One more thing about this business of self-defense and the Constitution. Again, no argument from me that the right to self-defense is well established in law, but claiming that it’s in the Constitution in some implicit way seems to me to be quite a stretch.
I previously referenced the 8th, 9th, and 14th Amendments. These are all mostly vague and intentionally non-specific. They don’t really say much, but instead give the Supreme Court a vehicle for interpreting a wide variety of circumstances in whatever way they choose.
Yet there are other amendments in the Bill of Rights that are rather strangely specific. Every modern democracy on earth has provisions for allowing citizens to own firearms, yet very few have felt the need to enumerate that right in a constitution, yet there it is in the US Constitution, much to the dismay of many. The Third Amendment about quartering soldiers in private homes is not just quaint by modern standards, but almost comical in its specificity. There are other very specific ones, like the abolition of slavery, prohibiting denial of the right to vote based on race, but they’re more modern additions.
Yet the right to self-defense is enumerated nowhere. If the founders felt it was sufficiently fundamental and important, it easily could have been; in fact, given the ill-advised inclusion of the Second Amendment, that would have been the perfect place to put it. But it’s not there, except in the fevered imagination of Antonin Scalia. Is it perhaps precisely because it’s such a well established historical matter of law that the founders felt it was unnecessary to include it? No, because there is a whole set of amendments dealing with the justice system and the rights of the accused, like due process, warrants, the right to counsel, and many others, all of which are well established matters of law.

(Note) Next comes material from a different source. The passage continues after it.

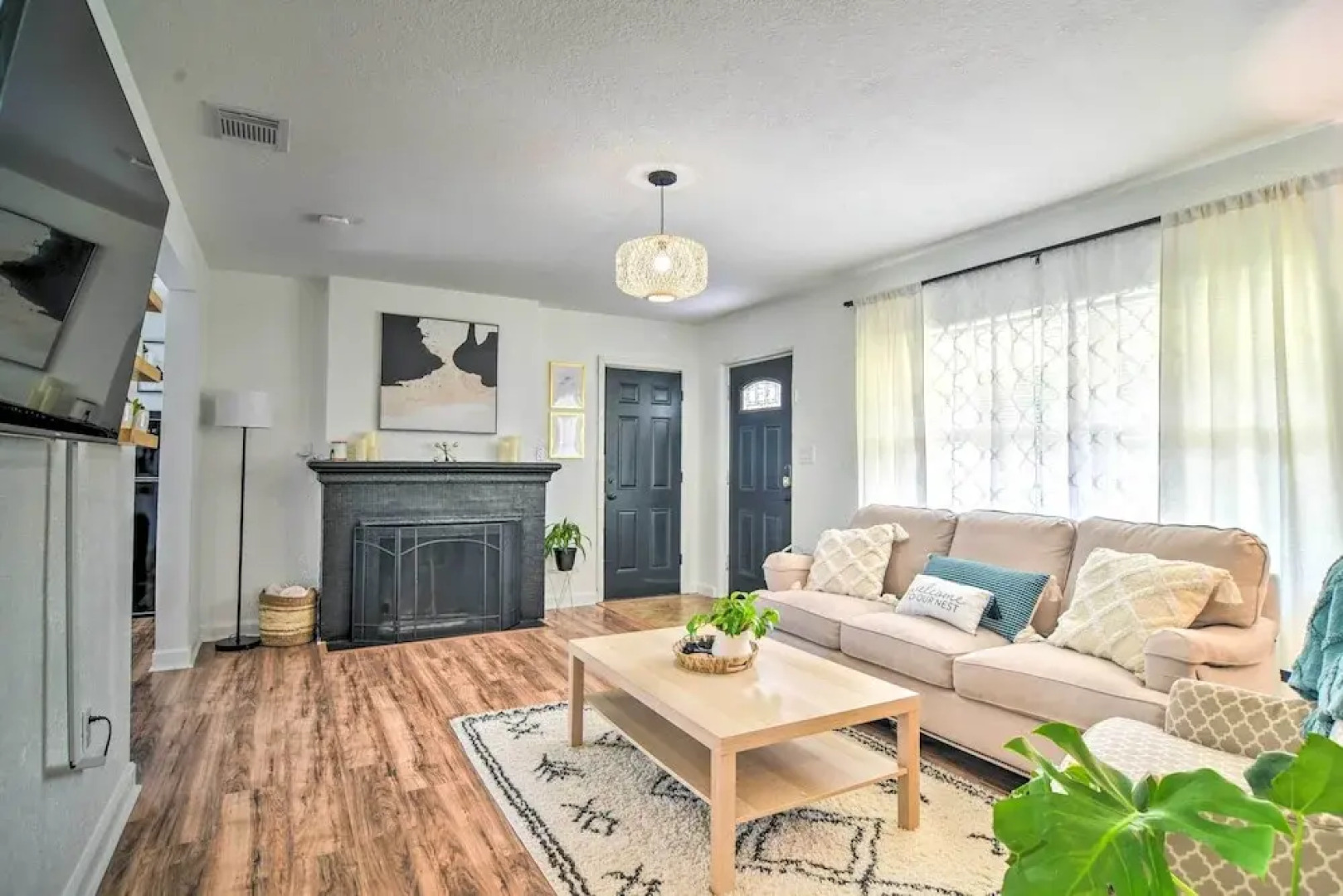 Family-friendly Clearwater Home w/ Game Room!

If amendments like the 9th or the 14th are going to be interpreted so liberally that they can be presumed to imply all kinds of unspecified rights like self-defense, or if Scalia is going to re-interpret the 2nd to imply a right to self-defense with a firearm, then those open-ended ones like the 9th or 14th can even more plausibly be interpreted to imply that every citizen, having a right to life and property, should bloody well have a fundamental right to health care (this is in fact set out in Article 25 of the UN Universal Declaration of Human Rights). When is that going to happen? Instead, we have increasing precedent reinforced by cases like the Rittenhouse verdict, supported by bad laws, that give you the right to shoot people. But if you’re the victim of a shooting, or the victim of a serious and costly illness, well, pal, sucks to be you.